Segundo um relatório da Organização Não Governamental (ONG) Oxfam, o mundo registrou, em média, quatro novos bilionários por semana em 2024. No total, esse número aumentou de 2.565 em 2023 para 2.769 no ano passado. Juntas, essas fortunas alcançaram a marca de US$ 15 trilhões.
Por dia, o patrimônio dessas pessoas cresceu US$ 5,7 bilhões, em uma taxa três vezes superior à do ano anterior. Por outro lado, o documento destaca que, conforme o Banco Mundial, o número de pessoas que vivem na pobreza se manteve igual. Para discutir o tema, o Edição do Brasil conversou com a diretora-executiva da Oxfam Brasil, Viviana Santiago.
O relatório aponta que a riqueza dos bilionários aumentou três vezes mais rápido em 2024 do que em 2023. O que impulsionou esse crescimento e quais seriam as principais consequências para a economia?
Esse fenômeno pode ser explicado pela concentração crescente de riqueza desde a década de 1980. De acordo com o economista Gabriel Zucman, as fortunas dos bilionários expandiram-se mais rapidamente do que a economia global como um todo. Esse padrão reflete um aumento desigual, no qual as famílias mais ricas têm acumulado uma parcela cada vez maior do patrimônio mundial. Por exemplo, a riqueza dos 0,0001% mais abastados, que representava 3% do Produto Interno Bruto (PIB) global em 1987, agora corresponde a 13%.
Quase quatro novos bilionários surgiram por semana em 2024. Como essa velocidade na criação de fortunas extremas reflete a estrutura econômica global atual e o impacto das políticas públicas?
A riqueza está crescendo muito mais rápido do que prevíamos. Isso significa que a taxa média de avanço anual das grandes fortunas disparou. Apenas os dez homens mais ricos do mundo viram seu patrimônio aumentar, em média, quase US$ 100 milhões por dia em 2024. A rápida criação de novos bilionários evidencia um sistema econômico global que concentra cada vez mais recursos no topo, favorecendo aqueles que já possuem grandes fortunas. A ausência de políticas públicas eficazes desempenha um papel central nesse cenário. Baixos impostos sobre riqueza, falhas na regulação de monopólios e a falta de mecanismos de redistribuição contribuem para essa concentração. Sem medidas governamentais para regular essas práticas e distribuir recursos de maneira mais equitativa, a desigualdade tende a se aprofundar.
Pelo menos cinco trilionários devem surgir na próxima década. Que medidas podem ser adotadas para evitar a concentração extrema de riqueza e seus impactos na desigualdade?
Primeiro, é essencial que os governos implementem políticas para garantir que a renda dos 10% mais ricos não ultrapasse a dos 40% mais pobres, acelerando a erradicação da pobreza.

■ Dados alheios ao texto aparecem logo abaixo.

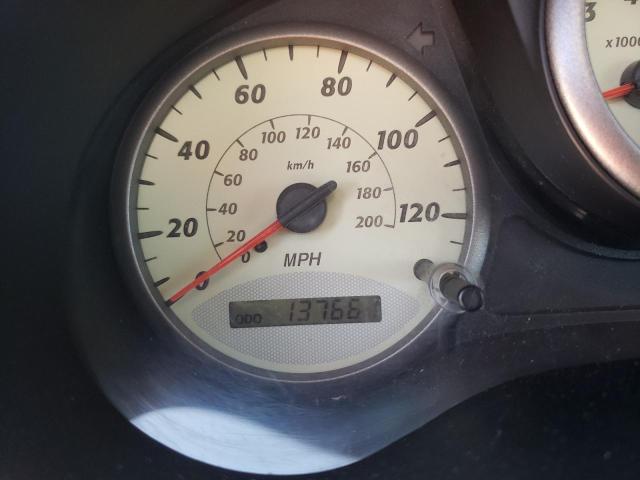 Photo 8 from auction – 2002 TOYOTA RAV4 with VIN JTEHH20V926024859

É fundamental reformar a tributação global, assegurando que os mais ricos paguem sua parcela justa e combatendo os paraísos fiscais. Além disso, tributar grandes heranças ajudaria a desmontar uma nova aristocracia econômica. Também é necessário desmantelar monopólios, democratizar as regras comerciais e garantir que as corporações paguem salários dignos, ao mesmo tempo em que se reestruturam instituições financeiras internacionais para garantir uma representação mais justa dos países do Sul Global.
Atualmente, 60% da riqueza dos bilionários provêm de herança, monopólios ou conexões políticas. Como enfrentar essa grande concentração de recursos?
Reformas tributárias são fundamentais para reduzir a extrema concentração de riqueza e promover maior justiça econômica. Impostos progressivos sobre grandes heranças ajudariam a mitigar esse efeito, garantindo que o patrimônio acumulado beneficie a sociedade como um todo. Uma tributação mais rigorosa sobre grandes fortunas poderia financiar políticas públicas essenciais, como educação, saúde e proteção social, reduzindo desigualdades estruturais.
No Brasil, como a concentração de riqueza e a criação de novos bilionários têm impactado a desigualdade social?
A concentração de riqueza no Brasil está profundamente ligada a um histórico de exclusão social, no qual populações negras, indígenas e periféricas têm menos acesso a oportunidades econômicas e educacionais. Além disso, o sistema tributário brasileiro é altamente regressivo, com elevados impostos sobre o consumo e baixa tributação sobre renda e patrimônio, o que aprofunda ainda mais a desigualdade, tornando-o um dos mais injustos do mundo.